I'm hurt..This is my journal..I could use advice.

I post here all the time with my drama between my baby daddy and I. And I always turn to you ladies. I have never been through this, I'm hurt, o feel betrayed, I'm mad, I'm sad, and I'm due in 3 days!!!!! 
My baby daddy and I broke up about 8 weeks ago, he hasn't done anything for me while pregnant, hasn't bought one thing, that doesn't matter but most importantly he has not been there. For support, for a helping hand, for nothing. we work together so we saw each other a good bit but we broke up bc he pushed me to that point.

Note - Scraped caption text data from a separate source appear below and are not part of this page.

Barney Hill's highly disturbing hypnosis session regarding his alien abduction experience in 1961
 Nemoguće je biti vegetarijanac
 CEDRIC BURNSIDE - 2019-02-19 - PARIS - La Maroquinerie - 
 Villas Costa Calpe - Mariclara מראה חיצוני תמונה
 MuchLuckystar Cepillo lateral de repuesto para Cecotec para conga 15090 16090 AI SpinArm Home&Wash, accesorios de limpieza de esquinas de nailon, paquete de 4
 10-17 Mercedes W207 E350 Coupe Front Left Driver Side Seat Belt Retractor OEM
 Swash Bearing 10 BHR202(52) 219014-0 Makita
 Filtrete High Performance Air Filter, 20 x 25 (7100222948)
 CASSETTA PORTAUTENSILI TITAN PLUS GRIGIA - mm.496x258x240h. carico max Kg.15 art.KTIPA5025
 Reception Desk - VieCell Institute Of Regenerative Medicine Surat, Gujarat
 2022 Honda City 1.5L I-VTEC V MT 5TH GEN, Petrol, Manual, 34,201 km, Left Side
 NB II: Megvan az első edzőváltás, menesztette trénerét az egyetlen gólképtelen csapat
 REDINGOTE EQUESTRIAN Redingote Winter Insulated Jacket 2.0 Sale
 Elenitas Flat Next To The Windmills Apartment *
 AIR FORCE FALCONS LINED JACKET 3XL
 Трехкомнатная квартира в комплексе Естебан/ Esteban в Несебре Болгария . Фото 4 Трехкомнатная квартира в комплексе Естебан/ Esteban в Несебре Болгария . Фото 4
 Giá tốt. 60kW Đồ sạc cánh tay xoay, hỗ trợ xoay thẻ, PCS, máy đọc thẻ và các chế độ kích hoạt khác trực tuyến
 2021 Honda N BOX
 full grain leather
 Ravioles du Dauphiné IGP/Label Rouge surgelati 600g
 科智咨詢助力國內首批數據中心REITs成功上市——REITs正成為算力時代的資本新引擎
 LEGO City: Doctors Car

I wanted him to step up, he wouldn't, I felt that if we went our separate ways, maybe he would miss me. And plus I felt that if he wasn't going to step up, why be together. Well we didn't speak for about 4 weeks and then we got back on good terms. In good terms I mean we spoke, over text, he came over 2 times, we kissed, we were back friends, but i wanted more. He is the love of my life, I told him that, I said this was our time to start fresh, to do it right, just give me another chance..That's when he said we were better as friends. Well he still text me and as much as I hated it, I knew i had to accept that there was "possibly" someone else. Well tonight that was confirmed. Here I am, 39 weeks, 4 days pregnant and the ex gf is at his house tonight. Why am I so hurt? Why does this hurt so bad? Why am I crying? Why could be not have waited till after the birth. I called him 3 times tonight, he didn't pick up..all I keep asking is why could he not have waited until after the birth, why could I not have that respect.